Polanski holds dual citizenship in Poland and France, where he currently lives. The latter nation prohibits extradition of its citizens, while Polish law does not.
Tellingly, Braun now also wants unsealed the transcript of a conversation he had Gordon and L.A. County Deputy D.A. Michele Hanisee on November 23, 2016 “concerning possible litigation in the …case” before the Polish high court ruling was made.
“The sworn testimony of Mr. Gunson taken together with the Polish decisions raise the question of whether the principle of comity should command or persuade the Court to follow the findings of the Polish court,” Braun wrote in his February 6 letter to Gordon that kicked off the latest chapter in the Polanski saga. The letter also pulls the current L.A. County D.A.’s office in the matter, inferring that Jackie Lacey’s team confirmed the 90-day deal from 1977. “The principle of comity may also be strengthened by the participation of our DA in the Polish litigation,” Braun adds. “Our DA specifically answered factual, procedural, and sentencing questions propounded by Judge Mazur in Krakow.”

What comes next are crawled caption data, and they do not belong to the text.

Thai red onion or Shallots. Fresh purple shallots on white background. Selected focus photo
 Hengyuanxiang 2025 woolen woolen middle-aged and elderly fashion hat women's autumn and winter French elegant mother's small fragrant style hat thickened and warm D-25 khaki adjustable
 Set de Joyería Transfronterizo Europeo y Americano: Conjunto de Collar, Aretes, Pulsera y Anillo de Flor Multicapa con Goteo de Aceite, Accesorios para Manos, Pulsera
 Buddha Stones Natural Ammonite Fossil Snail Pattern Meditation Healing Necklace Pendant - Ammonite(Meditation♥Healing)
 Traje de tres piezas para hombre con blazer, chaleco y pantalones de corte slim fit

Lacey’s office did not respond to Deadline’s request for comment on Hanisee’s participation in that 2016 meeting, or the D.A.’s take on the Polanski matter.
Polanski’s current lawyer has not been so reticent.
“I believe there is no current excuse or justification for keeping DDA Roger Gunson’s sworn testimony under seal,” the Braun & Braun LLP lawyer says in his letter. “Therefore, on behalf of Roman Polanski, I request that it be unsealed and that I be allowed to make a copy to assist me in the preparation of possible motions.”
Convicted on five charges stemming from having sex with 13-year-old Samantha Gailey on March 10, 1977, Polanski made a deal that saw him plead guilty to having unlawful sex intercourse with a minor. The Chinatown director initially spent 42 days in the California Institute For Men and was released, with the deal to include time served and probation.
All that changed when, after feeling Rittenband had thrown the plea deal in the trash and intended to see him in jail for up to 50 years, Polanski made tracks just before sentencing in 1978. For several years now, Polanski’s victim has said she believes that the director’s exile has been punishment enough; she and Polanski came to a financial settlement of around $500,000 in the mid-1990s.
Besides the Polish matter of 2015 and 2016, the last decade also saw a prolonged and botched case to get Polanski to face American justice in 2009 and 2010, back when Steve Cooley was still L.A. County D.A. In 2014, Alan Dershowitz unsuccessfully attempted to have the Polanski case dropped for the director.
Now, with a new lawyer in Polanski’s corner, it could start up all over again.